Allen Ginsburg went so far as to say in The Paris Review of Kerouac that he was “the only master of the haiku” in the United States (talk about hyperbolic), but it’s certainly true that the form played to Kerouac’s desperate need to boil a subject down to its essence. Similarly, Grover and company are masters of saying much with few notes. The drum break in “Soup” rolls and skips in the snare and toms, but is really all about the nonchalant cymbal work, unpredictable like a flickering fire. “Waning Moon” opens with Rathbun tossing notes into the air only to let them drop with parachutes attached. And Van Beest finishes it with a spare solo that’s sublime in its reserve.

[Editor’s Note: Steve took down the original piece I had embedded from the album, so here’s a tun he still has up, called “Don Won.”]

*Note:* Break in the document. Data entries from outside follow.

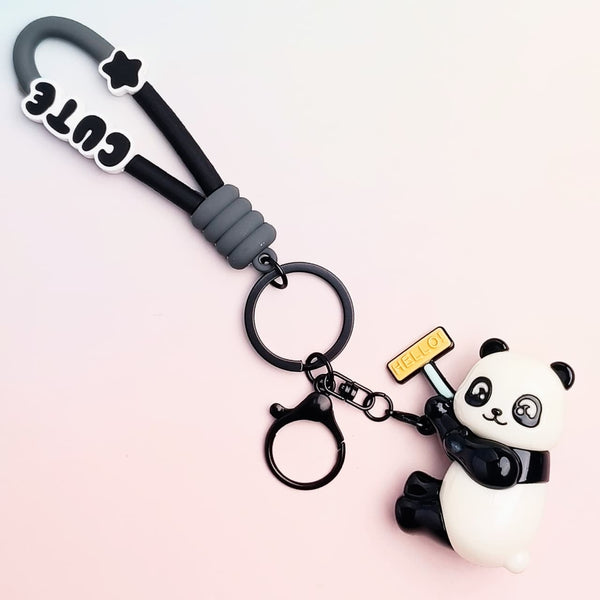 Cute Panda Black - Key Ring Style 4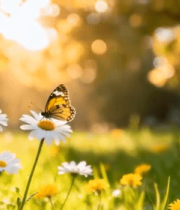 阳光下草地花朵上的蝴蝶4961#横屏 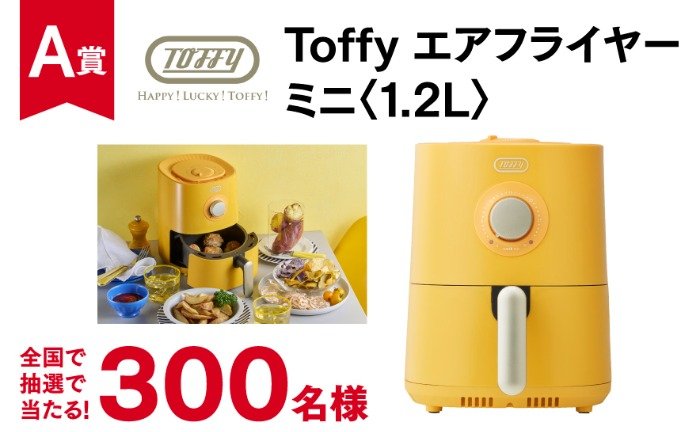 企業Wチャンスもアリ！Toffy エアフライヤーが当たるキリンのレシート懸賞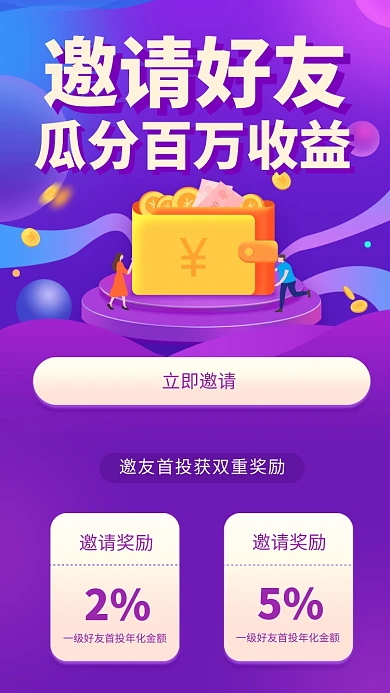 邀请好友瓜分百万收益活动海报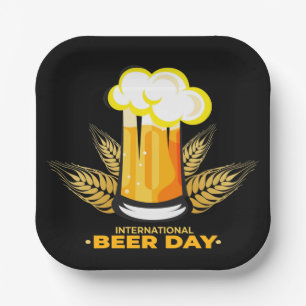 Plato De Papel Día Internacional de la Cerveza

There are any number of nods to nature and the seasons here, too. The album’s opening tracks, “The River’s Edge” and “The Waters,” are both full of raging rapids, Rathbun firing into “Edge” and hopping from rock to rock in “Waters.” Grover is particularly lyrical in the latter tune, using his sticks on the cymbals to introduce the piece like a Greek chorus and then guide it to a sputtering halt at the finish, the stream never quite making it to the ocean.

And in “Little Birds” Carlberg’s high-up piano work is every bit the delicate and wet sparrow feet of zen poet Shiki, oft-referenced by the beats.

Rathbun’s sax there might be a touch over the top, squawking like a seagull, and the pull back four minutes into “Mist” is more movie-soundtrack than you’d normally hear on a Grover album, but the conversation between Rathbun and Carlberg in “Mist” is like something out of a David Mamet script and Carlberg’s open of “The Delusion of Existence” is Kerouac’s wildflower on the side of a mountain, humble and meditating and maybe just a little bit glum.

Yes, Kerouac was fond of pondering solitary items against the backdrop of wide expanse, and perhaps what Grover does best in his composition is create moments where you can’t imagine anything else going on in the world but that particular instrument being played at that particular time.

Seventeen syllables? That’s more than enough.

(Special thanks in this piece to Penguin’s Book of Haikus, by Jack Kerouac, edited by Regina Weinreich.)